Bank of England announcement: Why are interest rates rising and how high could they go?
The Bank of England has raised interest rates by 0.25 per cent to 4.25 per cent today (March 23), following the surprising jump in inflation earlier in the week.
Markets largely expected the change, which marks the 11th rise in interest rates in less than 18 months, as the bank continues to fight inflation. Although inflation was at 10.1 per cent in February, it is now at 10.4 per cent after an unexpected rise due to food prices.
The impact of a rate rise is felt by borrowers — through higher mortgage and loan costs — and in better returns for savers across the UK.
Many economists believed that the Bank of England would pause the interest rate increases while inflation was easing, but that no longer seems to be the case.
On February 1, the International Monetary Fund (IMF) predicted the UK would be the only major economy to plunge into recession this year, with the economy set to contract by 0.3 per cent.
But why does inflation cause interest rates to rise, and how high could they go?
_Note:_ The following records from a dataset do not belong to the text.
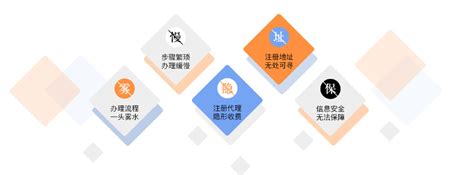 公司入住上海市政府采购网成为供应商会员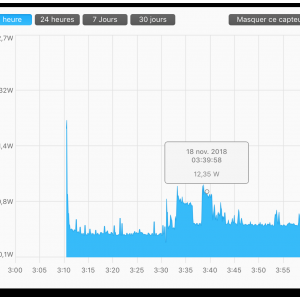 SBX systel total read.png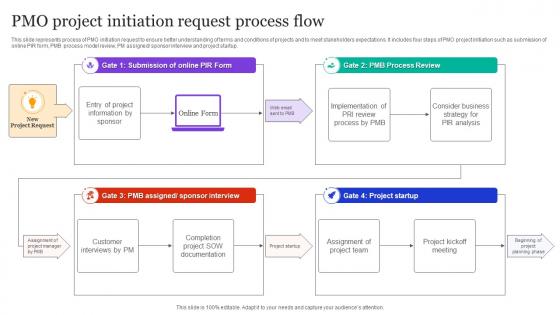 PMO Project Initiation Request Process Flow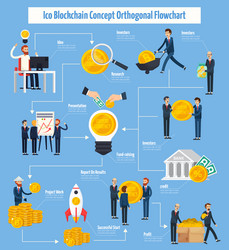 ico blockchain concept orthogonal flowchart vector image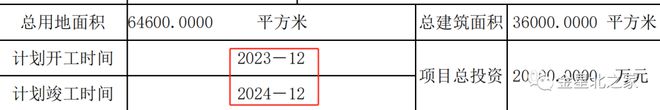 半岛官方体育2亿！84班！滨水新城即将新筑一所学校！(图3)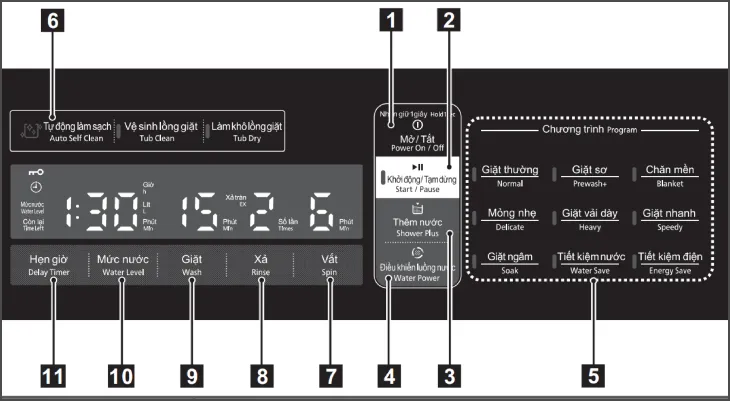 Bảng điều khiển máy giặt Hitachi Inverter 25 kg SF-250ZFVAD SS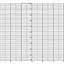 Foxboro YEW E906TTB  Fanfold Strip Chart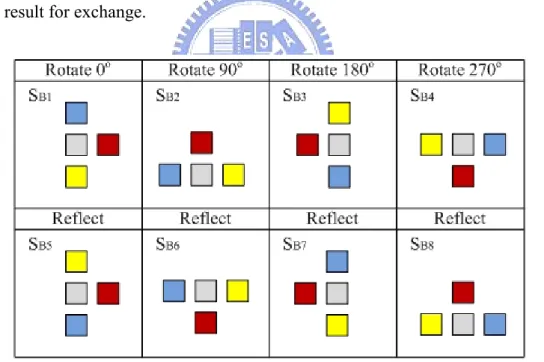 Figure 2.4：Rotation and reflection of S B  for the shape crossover operation  B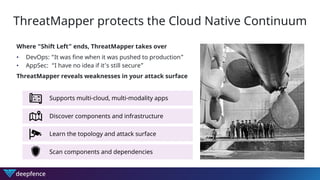 ThreatMapper protects the Cloud Native Continuum
Where “Shift Left” ends, ThreatMapper takes over
• DevOps: “It was fine w...
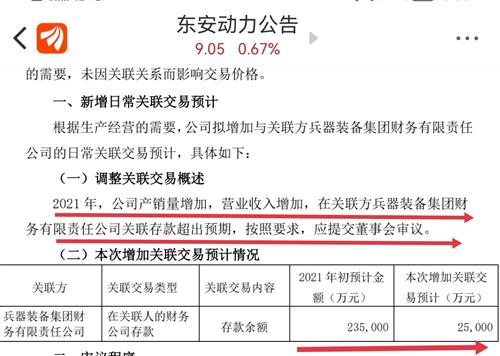 東安動(dòng)力最新消息,東安動(dòng)力最新消息全面解讀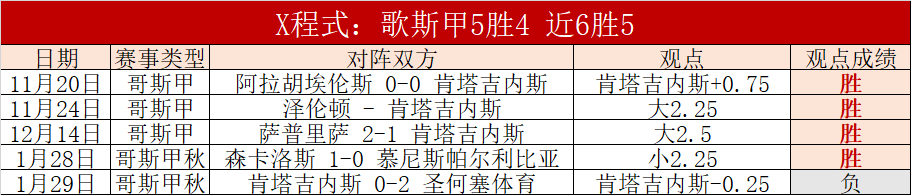 ESPN,曼联力辩桑,乔处罚符合,皇冠娱乐城,综合博彩,在线娱乐,体育博彩,真人娱乐场,电子游艺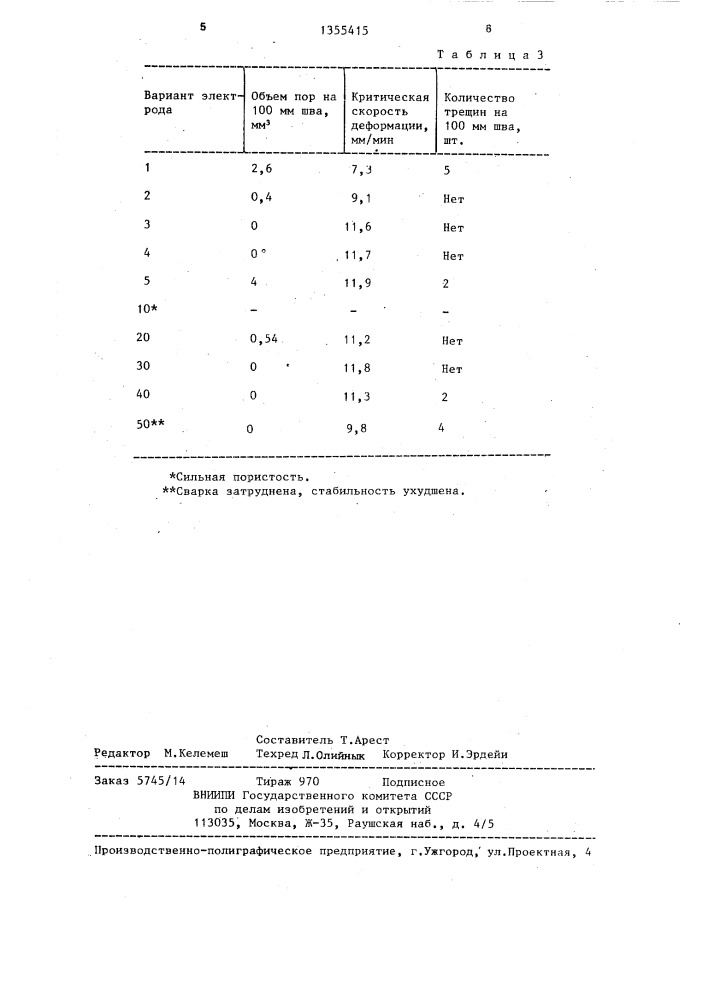 Сварочный электрод (патент 1355415)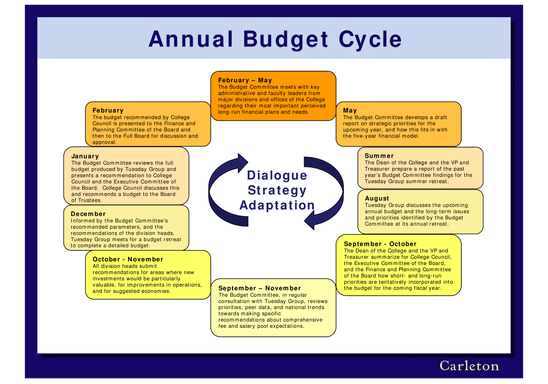 Annual Budget Cycle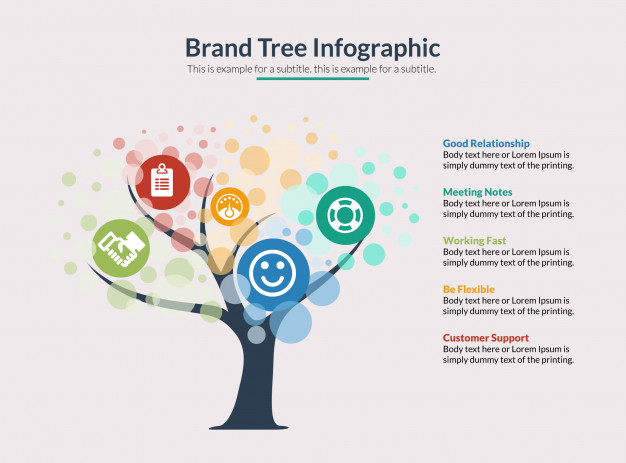 Brand Tree Infographic Vector Vector Premium Download 626x463 Brand Tree Infographic Vector Vector Premium Download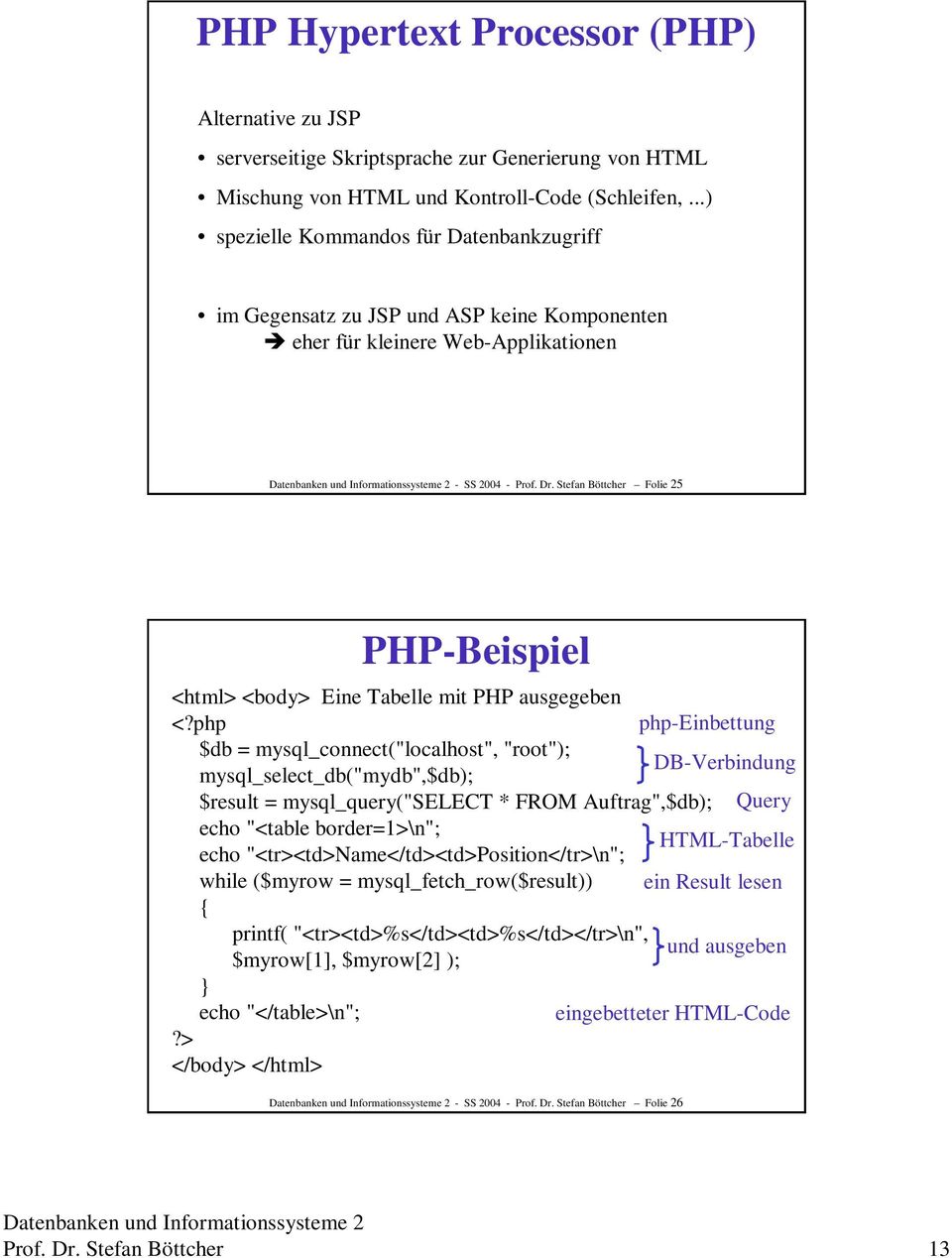 Stefan Böttcher Folie 25 PHP-Beispiel <html> <body> Eine Tabelle mit PHP ausgegeben <?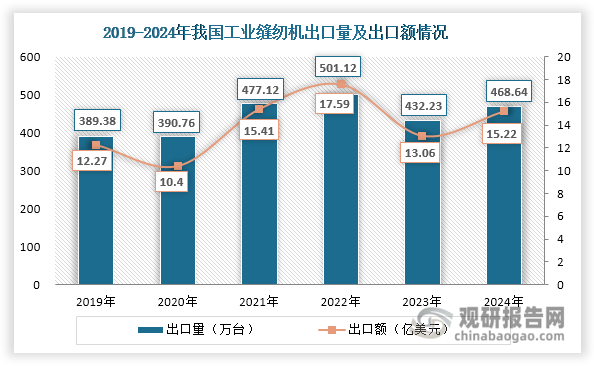 数据来源：中国缝制机械协会、海关总署、观研天下整理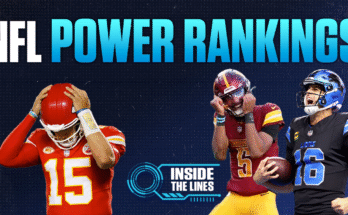 NFL Power Rankings 2025: A modell azt mondja, hogy a magas szintű csomagolók, a szakácsok nem az első öt versenyző közé tartoznak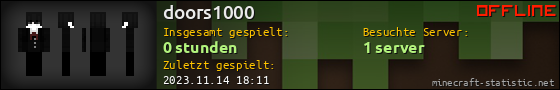 Benutzerleisten 560x90 für doors1000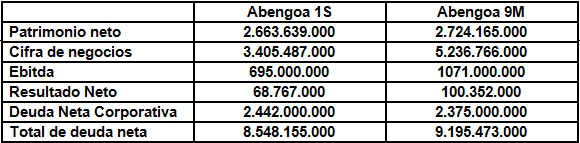 ABENGOA RES6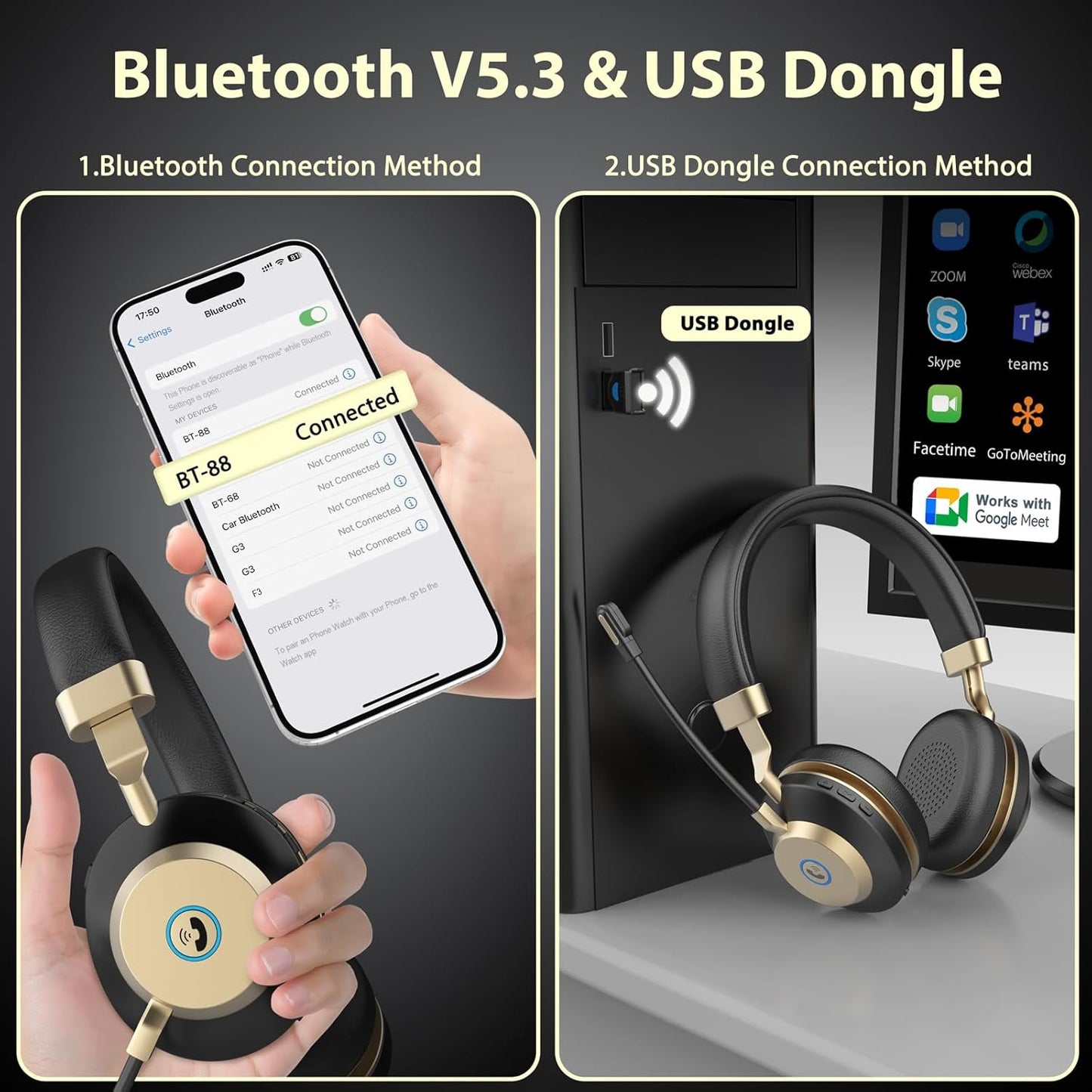 Wireless Headset with Mic for Work, Bluetooth V5.3 Headset with Mic (Noise Cancelling & Mute), Wireless Headphones with USB Dongle for 45H Work from Home/Office/PC/Call Center/Laptop/Teams/Zoom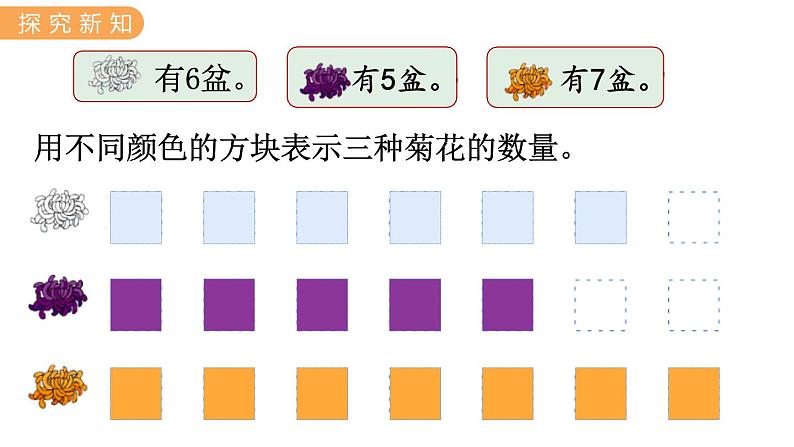 象形统计图和统计表PPT课件下载07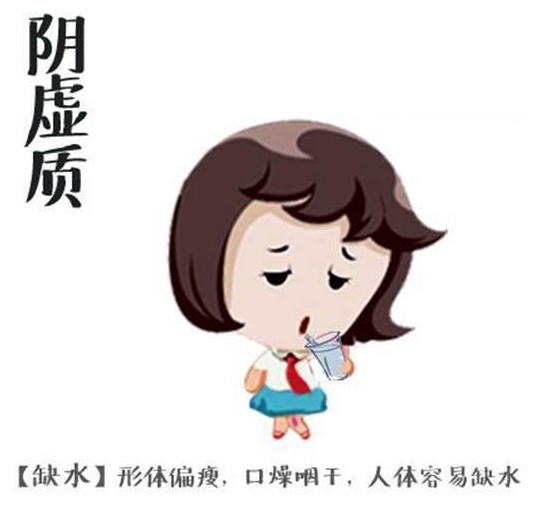 阴虚,为中医名词术语.
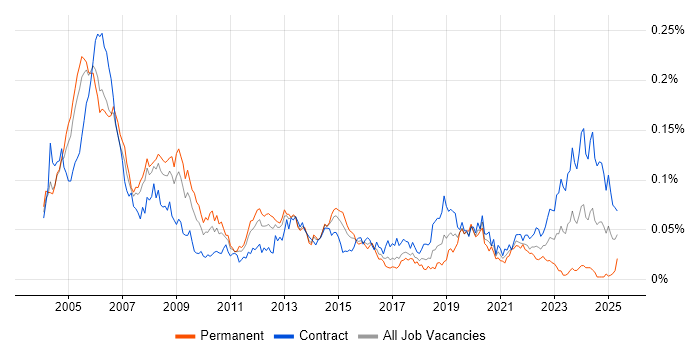 Job vacancy trend for Payroll Consultant in London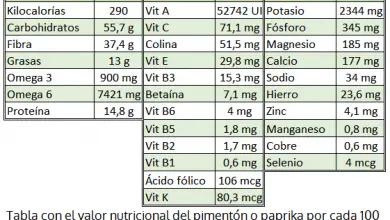 Photo of Paprika o paprika: proprietà, benefici e utilizzo nelle ricette di cucina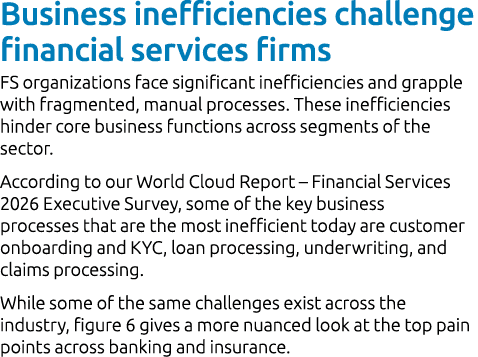 Business inefficiencies challenge financial services firms FS organizations face significant inefficiencies and grapp...
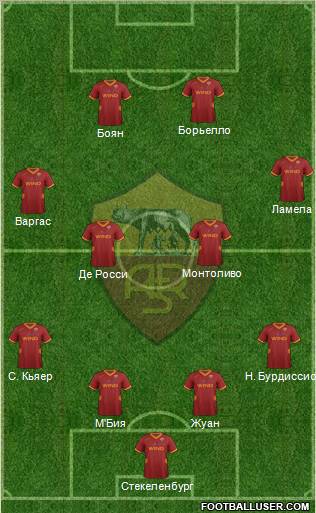 AS Roma Formation 2011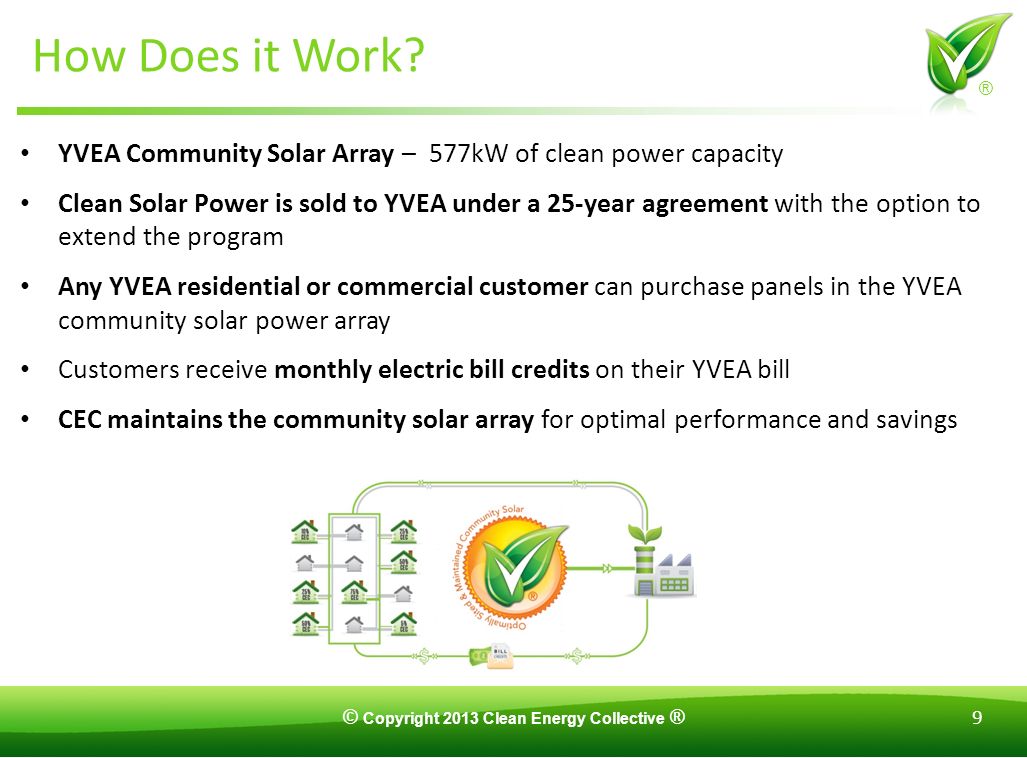 © Copyright 2013 Clean Energy Collective ® 9 ® How Does it Work.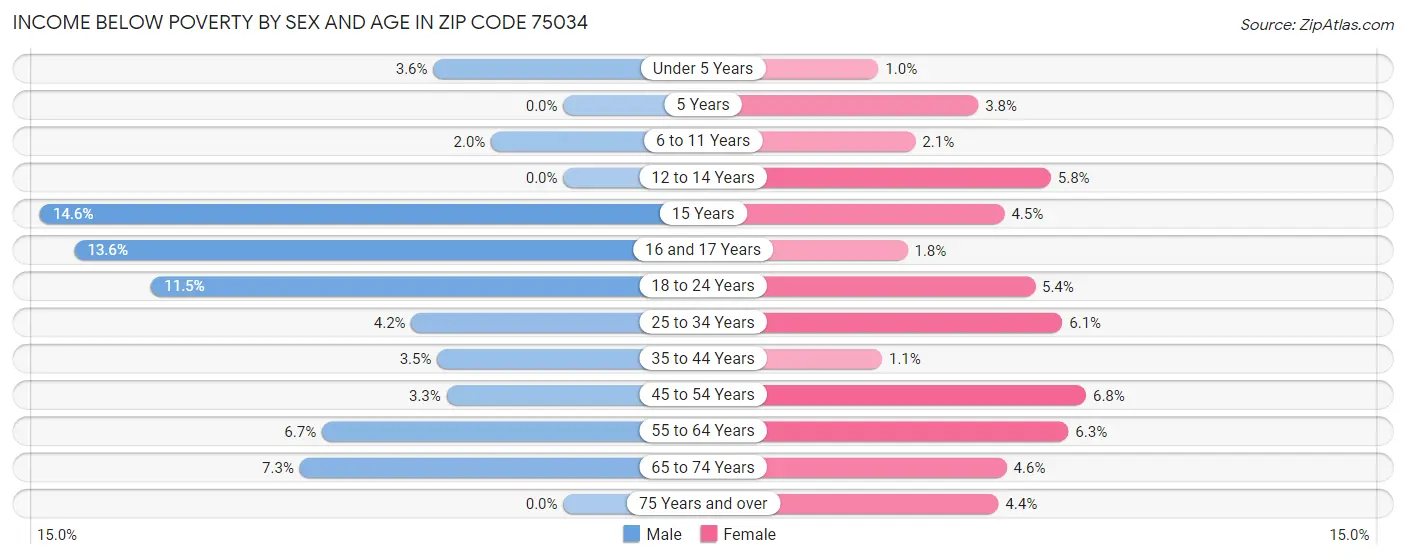 Income Below Poverty by Sex and Age in Zip Code 75034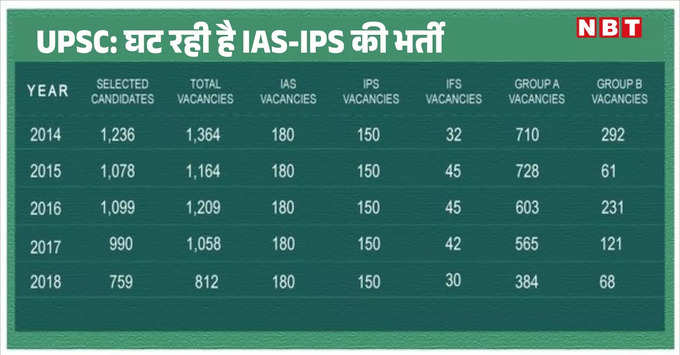 upsc lateral entry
Why are interest rates going up?
Interest rates are rising to try to ease soaring inflation, which is at a 10.4 per cent — well above the Bank of England target of two per cent inflation.
The idea is that, by raising interest rates, households will spend less and this should mean inflation will drop.
Prices have been rising steadily since the easing of Covid restrictions for several reasons.
Pent-up demand meant people spent more money but, because companies are struggling to meet demand, prices are rising. Gas prices have also increased hugely since Russia’s invasion of Ukraine.
The Bank of England has therefore raised interest rates to try to control rising prices.
Increased interest rates make borrowing more expensive, which should encourage people to borrow less money and therefore spend less. This should help curb inflation.
But the Bank of England also does not want to slow down the economy too much — so how much higher could interest rates go?
How high could interest rates rise?
More rate rises could come, but there is a widespread belief that these may end by the middle of the year. The Bank will be keen not to dampen the economy, which is expected to enter recession.
However, that peak is lower than predictions had suggested, when the Government was in some turmoil after its disastrous mini-Budget threw markets into chaos, reports the BBC.
The Bank’s monetary policy committee meets eight times a year to decide interest rate policy.